The input:
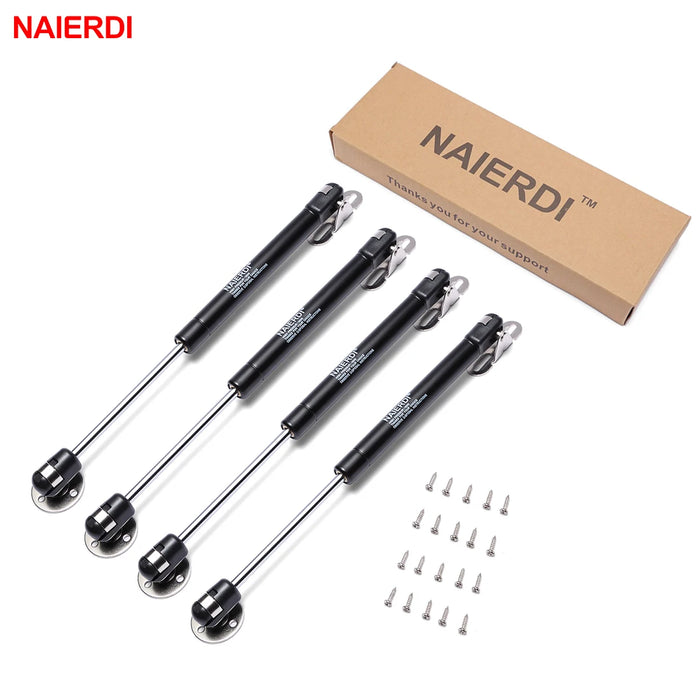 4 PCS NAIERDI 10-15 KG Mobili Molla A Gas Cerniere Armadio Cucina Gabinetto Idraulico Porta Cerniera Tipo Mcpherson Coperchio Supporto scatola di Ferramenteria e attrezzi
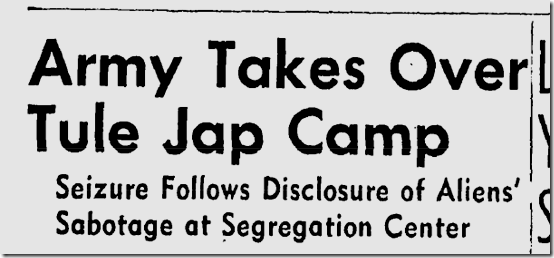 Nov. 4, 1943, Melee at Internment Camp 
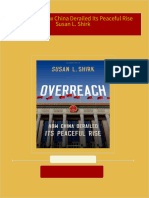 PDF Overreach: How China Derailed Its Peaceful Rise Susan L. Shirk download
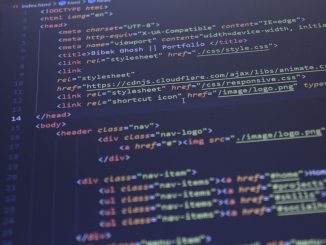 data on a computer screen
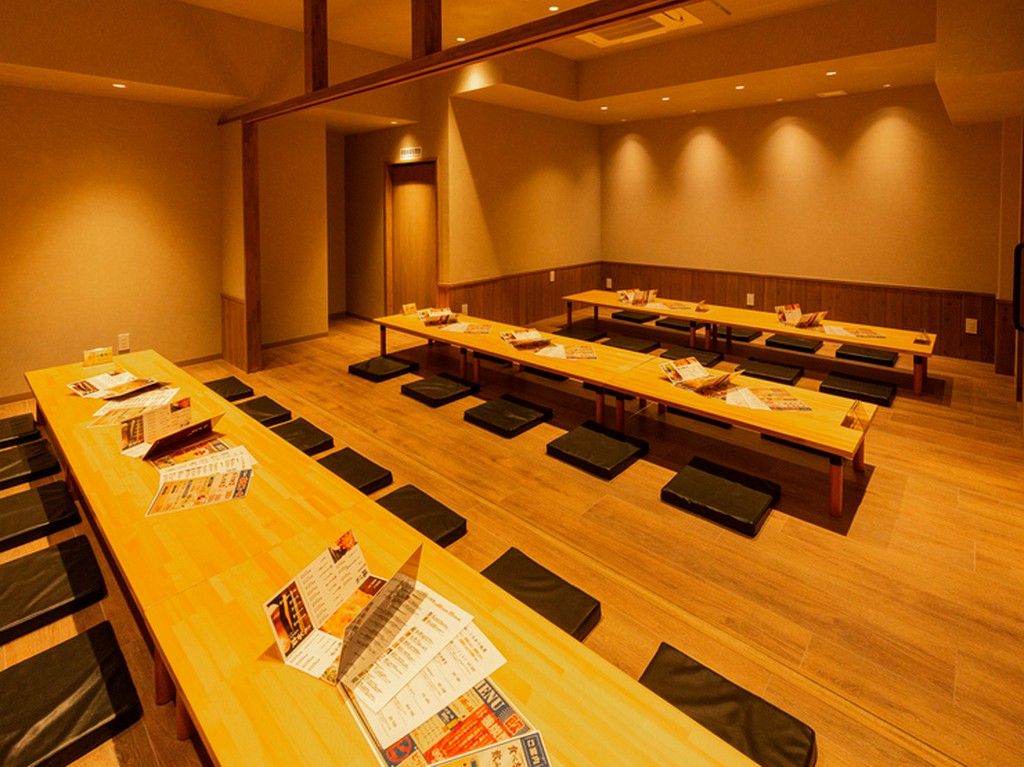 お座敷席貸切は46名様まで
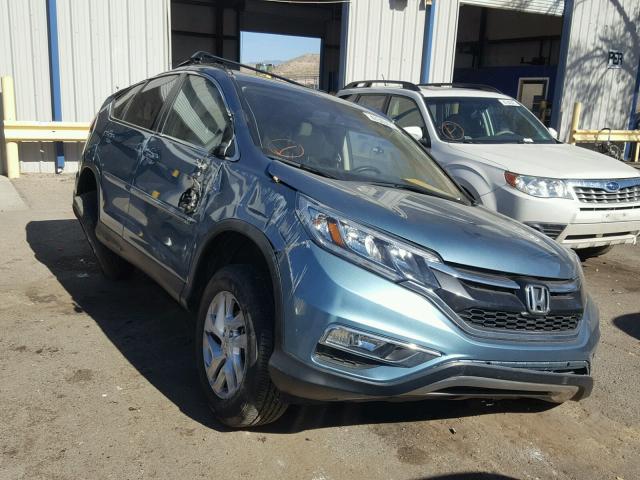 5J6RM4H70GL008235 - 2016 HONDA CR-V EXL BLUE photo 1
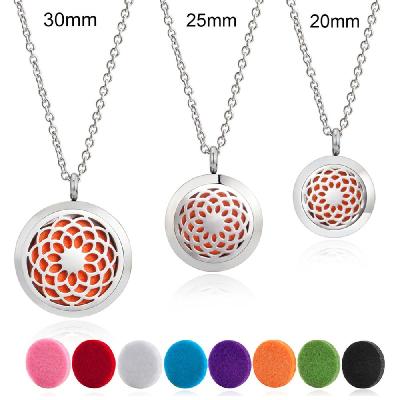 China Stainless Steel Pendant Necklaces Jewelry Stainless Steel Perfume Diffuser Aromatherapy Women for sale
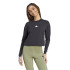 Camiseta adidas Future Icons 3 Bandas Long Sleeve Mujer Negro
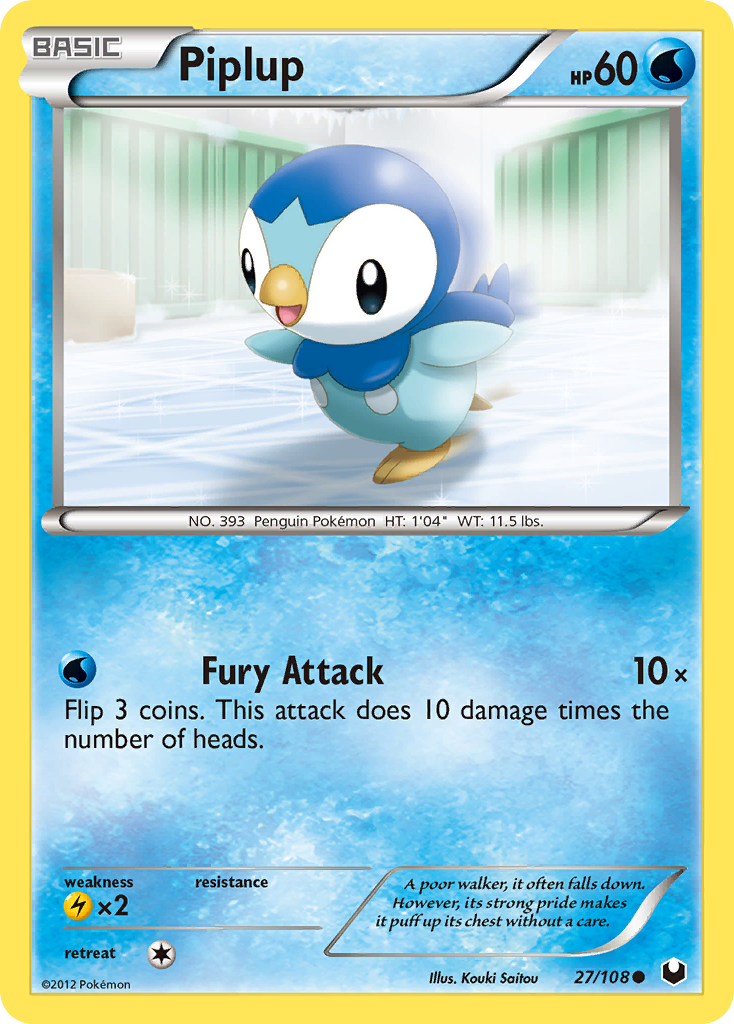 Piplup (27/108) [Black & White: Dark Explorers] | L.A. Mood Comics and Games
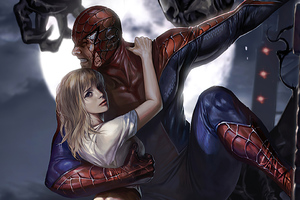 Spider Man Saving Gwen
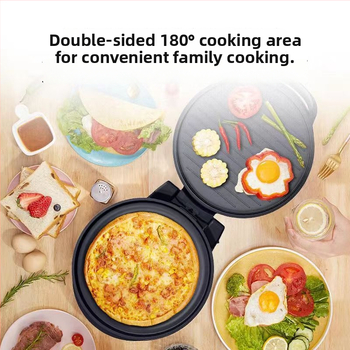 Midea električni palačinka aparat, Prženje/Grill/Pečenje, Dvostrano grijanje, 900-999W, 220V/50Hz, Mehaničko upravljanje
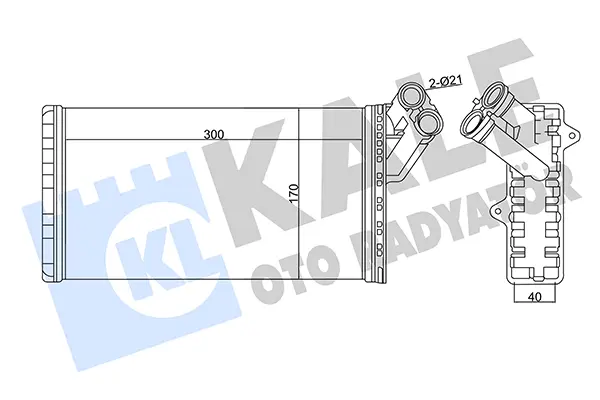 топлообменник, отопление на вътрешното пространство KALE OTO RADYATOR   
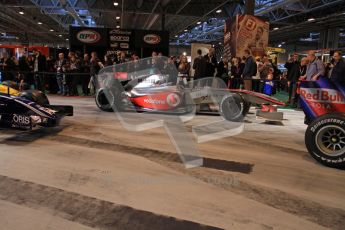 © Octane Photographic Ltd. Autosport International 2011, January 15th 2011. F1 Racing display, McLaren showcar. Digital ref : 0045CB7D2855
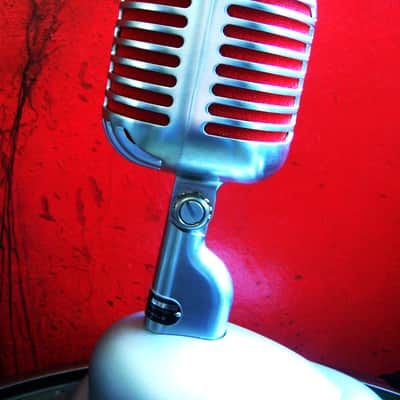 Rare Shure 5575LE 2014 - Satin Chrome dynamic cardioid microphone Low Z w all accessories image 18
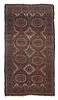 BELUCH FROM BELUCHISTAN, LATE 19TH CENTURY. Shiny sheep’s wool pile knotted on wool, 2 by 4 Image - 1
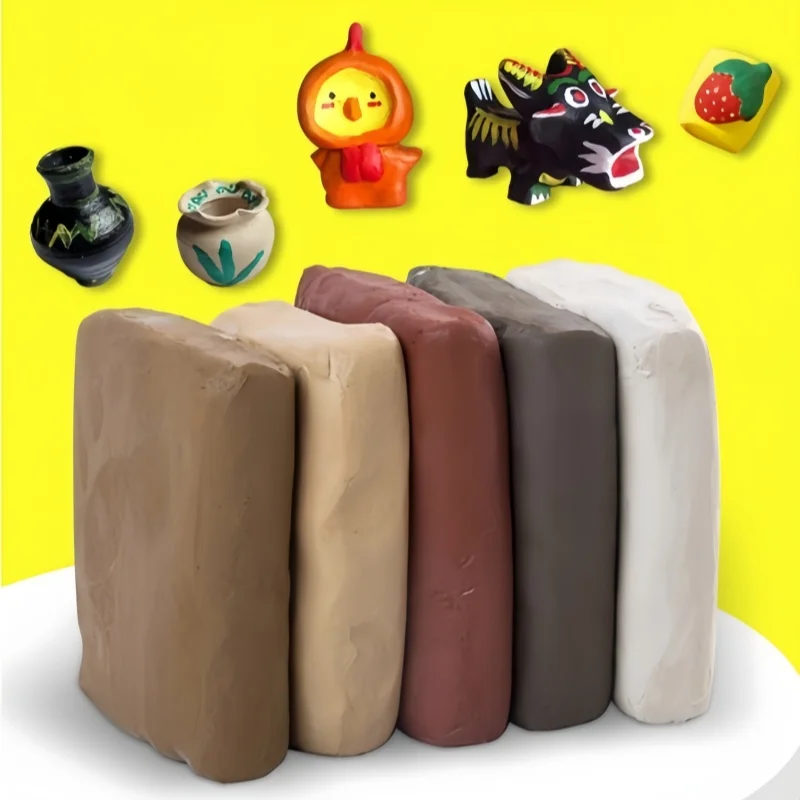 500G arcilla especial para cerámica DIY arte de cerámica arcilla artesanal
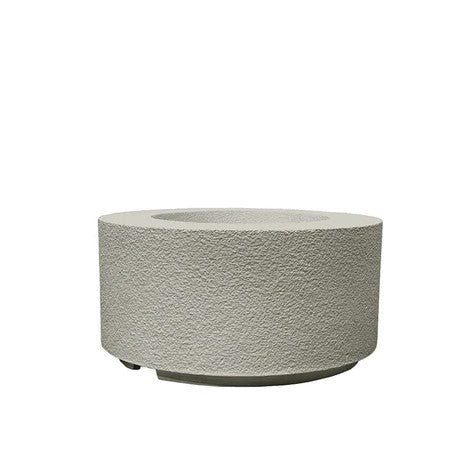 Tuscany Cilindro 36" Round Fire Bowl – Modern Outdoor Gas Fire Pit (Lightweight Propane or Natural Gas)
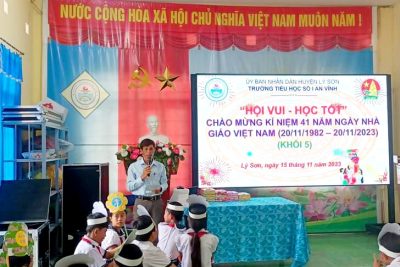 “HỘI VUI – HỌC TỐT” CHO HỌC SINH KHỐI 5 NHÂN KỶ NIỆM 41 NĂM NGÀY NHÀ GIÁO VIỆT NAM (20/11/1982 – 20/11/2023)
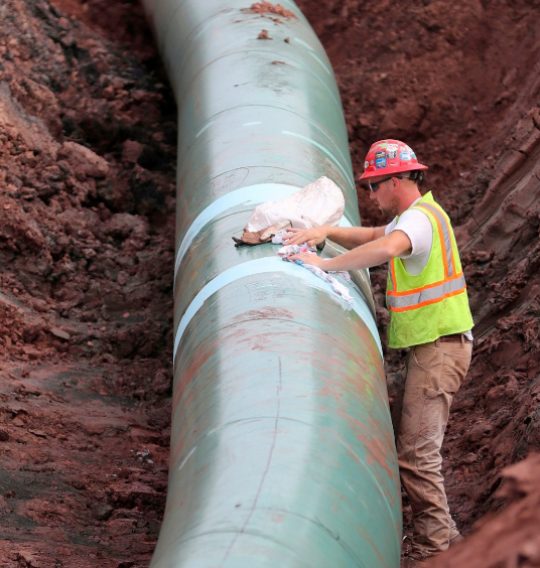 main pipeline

Your task: If an entry above holds a picture, omit the picture but retype everything else exactly.

Final answer:
 4 PCS NAIERDI 10-15 KG Mobili Molla A Gas Cerniere Armadio Cucina Gabinetto Idraulico Porta Cerniera Tipo Mcpherson Coperchio Supporto scatola di Ferramenteria e attrezzi
 Nov. 4, 1943, Melee at Internment Camp 
 PDF Overreach: How China Derailed Its Peaceful Rise Susan L. Shirk download
 data on a computer screen
 お座敷席貸切は46名様まで
 5J6RM4H70GL008235 - 2016 HONDA CR-V EXL BLUE photo 1
 China Stainless Steel Pendant Necklaces Jewelry Stainless Steel Perfume Diffuser Aromatherapy Women for sale
 Camiseta adidas Future Icons 3 Bandas Long Sleeve Mujer Negro
 Piplup (27/108) [Black & White: Dark Explorers] | L.A. Mood Comics and Games
 Spider Man Saving Gwen
 Midea električni palačinka aparat, Prženje/Grill/Pečenje, Dvostrano grijanje, 900-999W, 220V/50Hz, Mehaničko upravljanje
 топлообменник, отопление на вътрешното пространство KALE OTO RADYATOR   
 © Octane Photographic Ltd. Autosport International 2011, January 15th 2011. F1 Racing display, McLaren showcar. Digital ref : 0045CB7D2855
 Rare Shure 5575LE 2014 - Satin Chrome dynamic cardioid microphone Low Z w all accessories image 18
 BELUCH FROM BELUCHISTAN, LATE 19TH CENTURY. Shiny sheep’s wool pile knotted on wool, 2 by 4 Image - 1
 500G arcilla especial para cerámica DIY arte de cerámica arcilla artesanal
 Tuscany Cilindro 36" Round Fire Bowl – Modern Outdoor Gas Fire Pit (Lightweight Propane or Natural Gas)
 “HỘI VUI – HỌC TỐT” CHO HỌC SINH KHỐI 5 NHÂN KỶ NIỆM 41 NĂM NGÀY NHÀ GIÁO VIỆT NAM (20/11/1982 – 20/11/2023)
 main pipeline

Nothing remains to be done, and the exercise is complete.